01.06.2015 – Interview with Peter Anick

Tcha Limberger – Pursuing a passion for Gypsy violin

‘Born into a family of Belgian Manouche Gypsy musicians, Tcha Limberger was playing guitar and clarinet in the family orchestra by the time he was a teenager. But after mastering the swing guitar style pioneered by Django Reinhardt, he found himself beguiled by another strain of Manouche music, the Gypsy melodies of Eastern Europe. At nineteen, he took up the violin and set out to master the difficult virtuosic musical style of Hungary’s Magyar nóta. Now in his thirties, Tcha’s success is evident. He serves as primas for the Budapest Gypsy Orchestra and
tours with a Transylvanian folk music ensemble, the Kalotaszeg Trio. Nor has he abandoned jazz, as he leads an acoustic swing ensemble of young string players, known as “Les Violons de Bruxelles” and explores free improvisation in a guitar duo with fellow Belgian Herman Schamp. Fortunately for Americans eager to follow in his musical footsteps, Tcha also speaks fluent English and in 2013 Andrew Lawrence invited him to join the staff of Django in June, the annual Gypsy jazz music camp held in Northampton, Massachusetts. It was there that I had the pleasure of observing the blind virtuoso in the dual roles of teacher and performer, both of which he carries out with great panache. Tcha graciously gave up his lunch break in the midst of a busy day of instruction to talk about his passion for the Gypsy violin.

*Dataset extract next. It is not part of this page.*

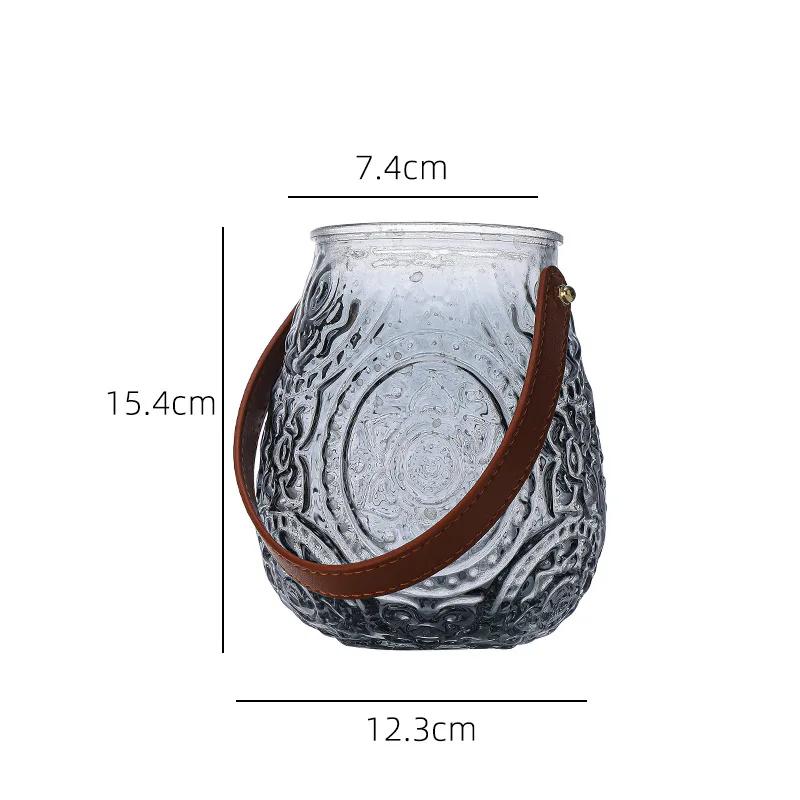 Leather Handle Vintage Glass Vase Colorful Home Decor Floral Arrangement for Boutique & Cafe Gift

Tcha Limberger: I was born in Belgium – Bruges, a very beautiful medieval town. My mother is Flemish, so she is non-Gypsy. And my father is Manouche, which meant that I have grown up being the product of two cultures. One thing I’ve tried is to take the best sides of both. I’d been listening to a lot of flamenco when I was a child and I only got interested in jazz when I was about twelve. By then I was playing guitar and I was singing flamenco and I was playing in a New Orleans band on banjo. I got interested in the clarinet and started playing the clarinet when I was twelve and I changed my guitar for a “Gypsy” guitar – a jazz guitar. I had the fortune to have this Tascam tape recorder that had four tracks and I could record myself making a whole band or a choir. I didn’t play violin then and I never thought I would until I was nineteen or twenty, really. I started trying the instrument when I was seventeen, just because I thought it was too sad that our family was like a usine (factory) of guitarists, starting off with Stochelo (Rosen- berg), Paulus (Schafer), Jimmy (Rosenberg)… All the Dutch guys are cousins or somehow related. My grandfather, Piotto, was a violin player and had a band which was with a brother and their two eldest sons – “De Piottos.” He lived in Belgium mostly, but his brother Latcheben moved to Holland and his son Waso Grünholz was the most important guitar player of the last fifty years in Holland and Belgium.

What sort of music would they have been playing?

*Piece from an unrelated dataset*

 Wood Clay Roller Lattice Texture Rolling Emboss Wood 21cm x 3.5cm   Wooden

Some French chanson. Some, as I call it, Eastern European “souvenirs” [memories], because they are not really played the way they are played over there. So it’s a kind of memory, a changed copy. I have some recordings in the beginning of the seventies where they were playing some Django stuff… But I was very sad that there was no violin in the family any more. Everybody was playing guitar and faster and faster and faster. Where’s the violin? Where’s the melody? I was quite busy trying to find out more about my grandfather as well, because he must have been a very charismatic person. For every time when we went to play somewhere in Flanders, people would come to us and say, “You must be grandsons of Piotto. I saw him in nineteen-forty – whatever.” I always would think, “How the bloody hell could it be that somebody remembers that?” So he must have been a very special person….

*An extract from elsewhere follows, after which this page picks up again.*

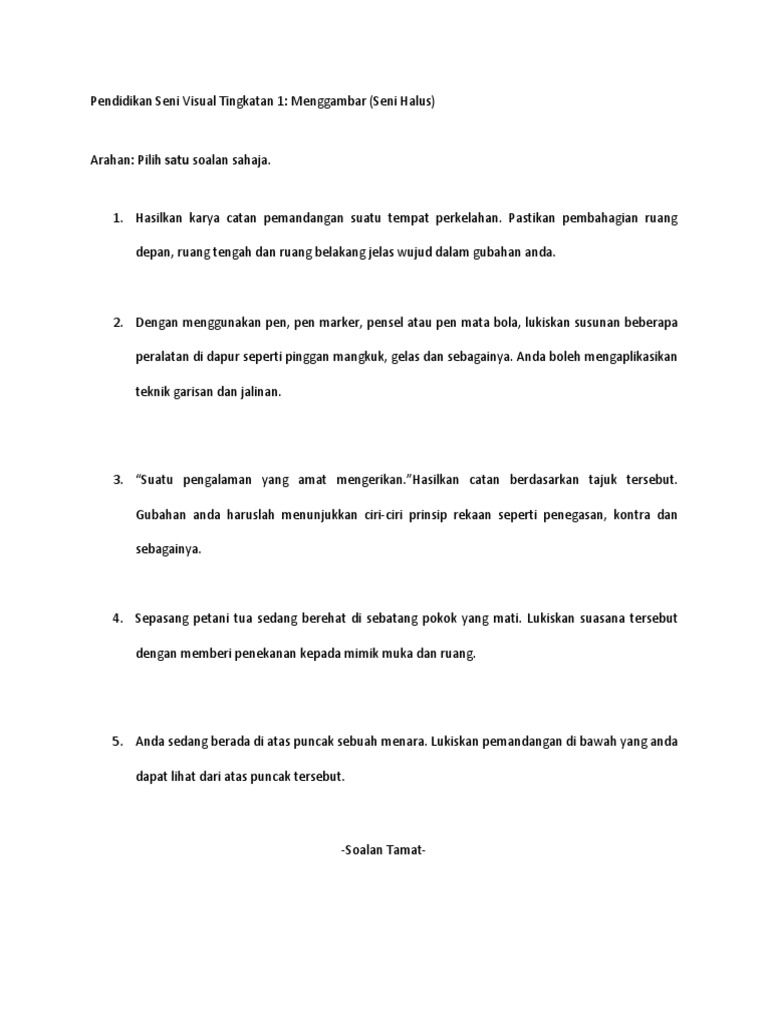 Pendidikan Seni Visual Tingkatan 1 Pdf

I also got some very nice recordings of some Hungarian violin player called Toki Horvath, which is still my ever favorite for music of Budapest. Not the traditional Hungarian music, but a kind of art music. It’s like “fado” in Portugal. Fado is not traditional in Portugal’s folklore. It was music that was made in the beginning of the nineteenth century that would suit restaurants, coffee places and tea houses, but would be really Portuguese. Same thing for Hungary. They made up a new style of music which would suit the upper class, so it would not be as “primitive” as the peasant music, folklore, but would be suitable for upper class events, let’s say. That music became very popular and it also became very popular with Gypsies in Holland and Belgium. Tata Mirando, for example, who is a Manouche who came from Switzerland, came to Holland and started to play what he called Hungarian music. I don’t know how much he spoke Hungarian. Magyar nóta, that style of music – you can’t play it if you don’t speak Hungarian. There’s no possible way to get it right. That’s because there are a lot of tunes that don’t have tempo or meter, so you need the lyrics to understand how to play the melody. It’s like these Irish ballads. If you have the lyrics, you know which notes should be long and which should be short and where you can speed up the thing and where you have to slow down, where’s the gaps between phrases precisely. I can clearly hear when someone plays Magyar nóta whether he speaks Hungarian or not. It’s not even the meaning of the lyrics. It’s the rhythm of the language that you need. It’s like if someone would speak without commas and without punctuation, it would suddenly become quite un-understandable because you wouldn’t know the beginning of the phrase or the end, splitting up the words in the wrong place and therefore sounding really strange, like they were ripping it apart in strange places.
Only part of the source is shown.